Rob’s AFF Level 2 Jump

Well, back at it again. Off to the DZ I go. Not exactly what I thought I’d be doing on the 10th anniversary of 9/11. This time my wife and son came along for encouragement. Yes, I’m sure at that at one point her thoughts of my skydiving adventures were a moot point with no further discussion. The trick here is to slowly present the sport in bits and pieces; not over whelming her with a crazy adrenaline-driven story about jumping out of a perfectly good plane. You have to show some repose and present a demeanor that lets your loved ones know that you truly know what you’re doing and have a great respect for the sport. Actually, with all seriousness, I would say that anybody considering skydiving should be reserved enough to carefully think about what they are getting into so that their intentions are not miss lead.

I called the DZ in the morning to see what would be a good time for an AFF student to arrive. I was advised that there were some tandem reservations already setup around noon and that I might be able to get in before or, definitely after those jumps. I arrived at the DZ around 10:30 a.m. It appeared that things were still getting started. I checked in at the manifest desk. The nice lady put my name on a list with other students and then advised me that as soon as she could find me two Jump Masters she’d let me know. She also pointed out that winds were boarder line, averaging between 19 to 22 mph. AFF students cannot jump when wind speeds are greater than 19 mph. Looks like I’m grounded for the time being. One Jump Masters, that was with me on my first jump, gave me a copy of the level 2 skills and suggested that I study them until the wind died down.

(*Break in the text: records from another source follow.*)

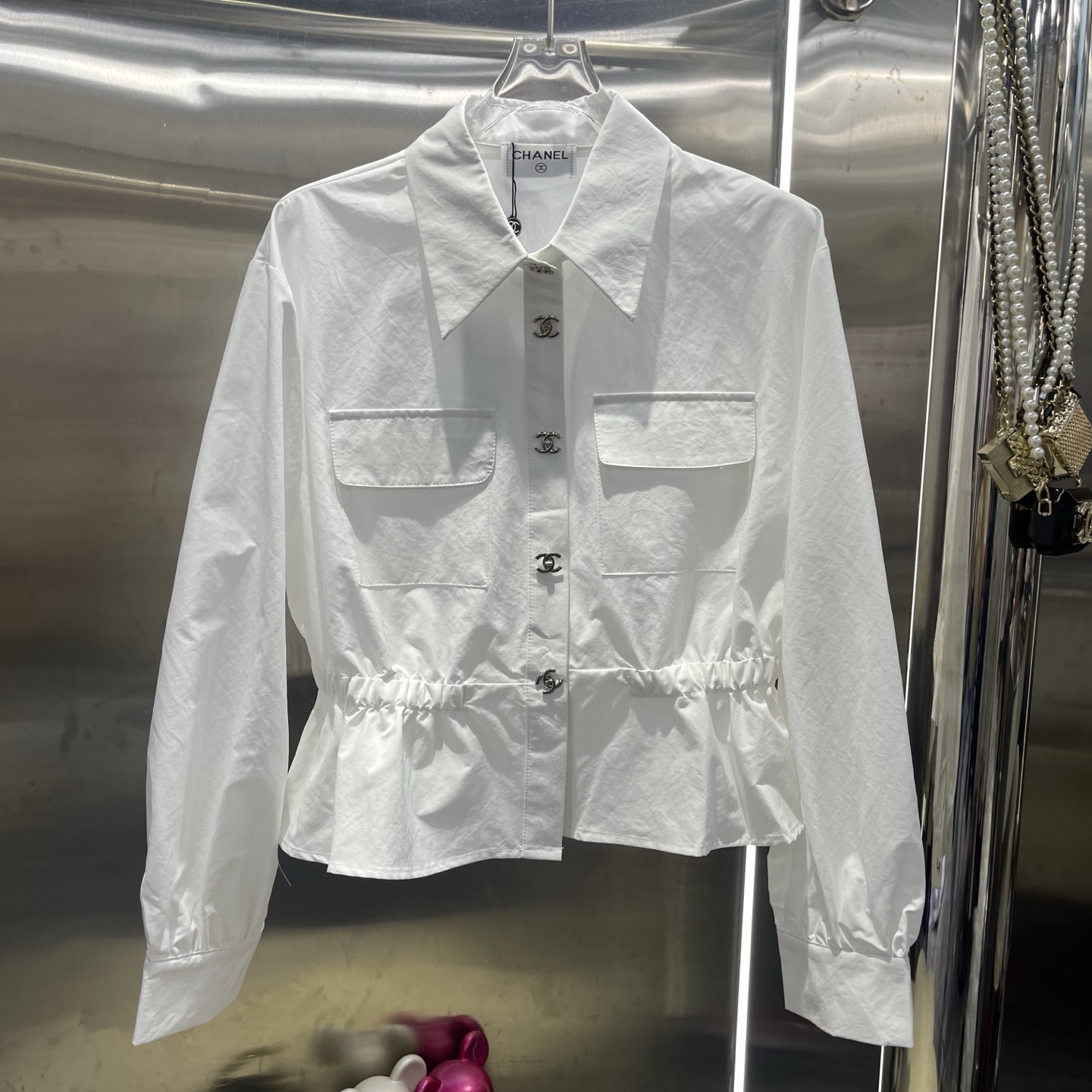 CHANEL White Four Pocket Drawstring Jacket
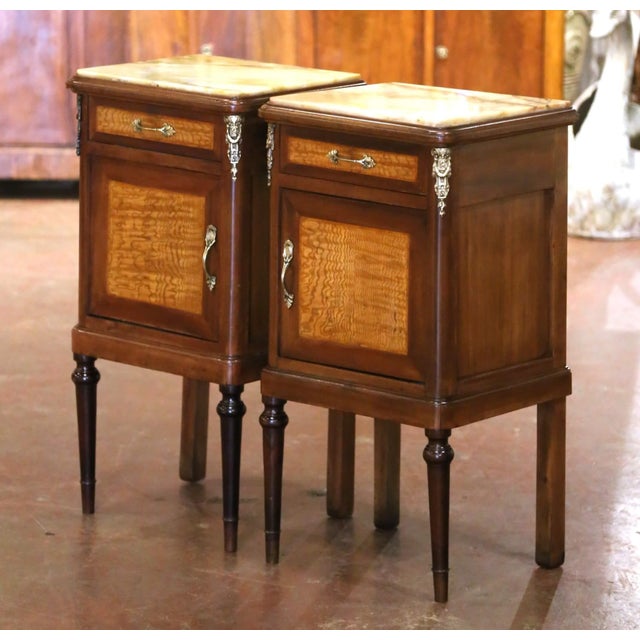 Late 19th Century Pair of 19th Century French Louis XVI Mahogany Marble-Top Nightstands For Sale - Image 5 of 9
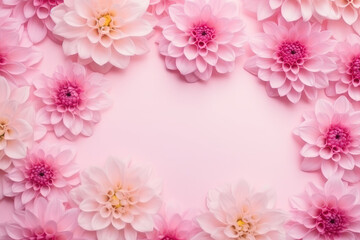 Elegant Pink Dahlia Flowers on Soft Pastel Background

Ok, this is the hurry up and wait part. I’ve discovered that the AFF student is at the mercy of the weather and the availability of Jump Masters. I started going over the skill sheet; physically rehearsing the movements as if I was getting ready for an audition. Unfortunately, it doesn’t look anything like a line dance.

The first two tandem loads went quick enough. However, I soon found that I had to explain the whole wait-my- turn thing to my wife and son They were not quite sure why I wasn’t plunging from the sky yet. After all, they came to cheer me on, but it looked like the pompoms were wilting as the day went on.

It wasn’t until jump 5 I finally got the word I was going up. My JM hooked me up with all my gear and told me to get dressed. This time I was able to get a larger set of goggles that would fit over my prescription sunglasses. Man, it sure is bright without them.

Well, Mother Nature likes to tease. Just as we were getting ready to board the plane we were advised that there would be a fifteen minute hold as winds had picked up to 23mph. Great! Not again. I slowly started to realize that all this could be scrubbed. This has happened multiple times during our Parachute Mobile Missions. Fortunately, the winds subsided and off we went.

I must say, I was a lot more relaxed this time and felt assured that with each jump it would only get easier. On the ascent my JM asked me to verbally recite the jump sequence and to let him know when we reached 5,500 feet and to explain what I would be doing at that altitude on the way down. No problem. I would be deploying my parachute, just so you all know. Getting out to the outside edge of the plane seemed to go a lot smoother than before, but since I’m tall, I found that I really had to lean forward on the way out to avoid clunking the back of my head. I’m looking forward to face-out exits. My “check in & check out” sequence was a lot smoother and I didn’t delay with the stepp-off.

The level 2 skills are easy enough: one practice pull, a left and right turn and 4 to 5 seconds of tracking. Tracking is when you bring in your arms and straighten out your legs. This creates lateral movement as well as speed. This was actually kind of cool. I had to resist the temptation to put one fisted arm forward and the other next to my chest; ya, the Superman flight position. The only area that I really blew this time was my deployment pull. If you look at the video you will see that when I reached for the pilot chute I didn’t keep my body position natural and my left leg swung over to the right. Practice, practice, practice.

I hope to get level 3 and 4 completed this Sunday. Not sure I’ll always have video available; it all depends on the JM I am assigned. Anyone that wants to come out and make faces at me are more than welcome.